• **Work task**: The following data has a line with "New York pewter funnel ca. 1775" and a line with "Load image into". Write out exactly those lines and all the lines between them.

• **Data extracts**:
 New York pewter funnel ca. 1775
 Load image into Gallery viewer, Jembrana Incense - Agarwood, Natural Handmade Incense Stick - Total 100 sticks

...

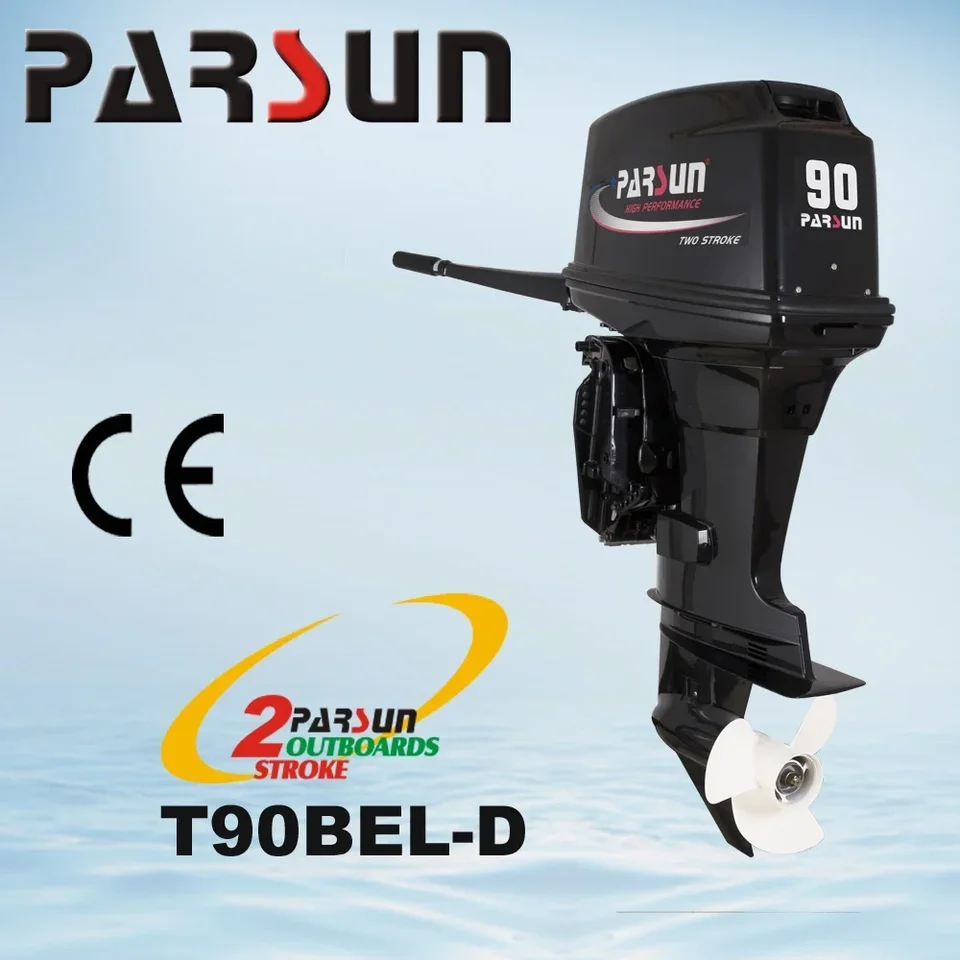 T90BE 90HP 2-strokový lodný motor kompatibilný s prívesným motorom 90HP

• **Exercise result**:
 New York pewter funnel ca. 1775
 Load image into Gallery viewer, Jembrana Incense - Agarwood, Natural Handmade Incense Stick - Total 100 sticks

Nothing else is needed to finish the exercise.